The extraordinary shift by the two came just a few days before Tuesday's elections in five states, including Florida, Ohio and Illinois.
Mr Trump insisted he had done nothing to exacerbate tensions, despite having previously encouraged his supporters to aggressively - and sometimes physically - stop protesters from interrupting his raucous rallies.
"I don't take responsibility. Nobody's been hurt at our rallies," Mr Trump told CNN late on Friday, one of several interviews he did as cable networks broadcast footage of the skirmishes both inside and outside the Chicago arena where he had planned to speak.
In Dayton, the audience chanted Trump's name as the Secret Service agents rushed the stage. Mr Trump did not explain what had happened, but said: "Thank you for the warning. I was ready for 'em, but it's much better if the cops do it, don't we agree?"

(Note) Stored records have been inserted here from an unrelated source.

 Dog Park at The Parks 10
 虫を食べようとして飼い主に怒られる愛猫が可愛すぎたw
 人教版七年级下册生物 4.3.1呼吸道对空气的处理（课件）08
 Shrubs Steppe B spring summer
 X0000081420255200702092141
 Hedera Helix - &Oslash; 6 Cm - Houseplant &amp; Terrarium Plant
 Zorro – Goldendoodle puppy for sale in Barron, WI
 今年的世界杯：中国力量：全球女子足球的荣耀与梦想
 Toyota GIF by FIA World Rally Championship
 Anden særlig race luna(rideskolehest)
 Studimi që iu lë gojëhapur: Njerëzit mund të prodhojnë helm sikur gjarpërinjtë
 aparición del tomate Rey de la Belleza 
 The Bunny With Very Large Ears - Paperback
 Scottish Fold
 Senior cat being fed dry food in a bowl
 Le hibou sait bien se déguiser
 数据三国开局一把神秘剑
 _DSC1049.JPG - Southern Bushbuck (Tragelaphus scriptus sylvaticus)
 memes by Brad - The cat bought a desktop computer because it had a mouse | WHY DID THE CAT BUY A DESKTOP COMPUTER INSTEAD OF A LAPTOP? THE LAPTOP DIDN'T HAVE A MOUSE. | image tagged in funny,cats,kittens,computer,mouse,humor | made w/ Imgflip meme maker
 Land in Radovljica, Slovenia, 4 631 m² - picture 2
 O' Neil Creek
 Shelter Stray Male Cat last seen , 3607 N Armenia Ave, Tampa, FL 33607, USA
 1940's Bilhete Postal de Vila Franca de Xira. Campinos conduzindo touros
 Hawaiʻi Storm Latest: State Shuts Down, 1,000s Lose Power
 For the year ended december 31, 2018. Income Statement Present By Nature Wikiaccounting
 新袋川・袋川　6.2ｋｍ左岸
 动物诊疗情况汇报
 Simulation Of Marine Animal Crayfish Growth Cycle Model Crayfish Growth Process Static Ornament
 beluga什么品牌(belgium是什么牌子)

The brash billionaire's unexpected political success has caused turmoil in the Republican Party. Most leaders expected his populist appeal would fade as nominating contests began and largely avoided criticising even his most extreme comments out of fear of alienating his supporters.
But after 24 primary contests, Mr Trump has only grown stronger and leads his rivals in the all-important delegate count. The delegates will select the party's nominee at the Republican national convention in July in Cleveland.
Republican leaders are grasping for a last-ditch idea to stop Mr Trump from claiming the nomination, from talking about a contested convention to discussing whether to rally around a yet-to-be-determined third-party candidate. All are long shots at best and would likely have the effect of ripping the Republican Party apart in irreparable ways.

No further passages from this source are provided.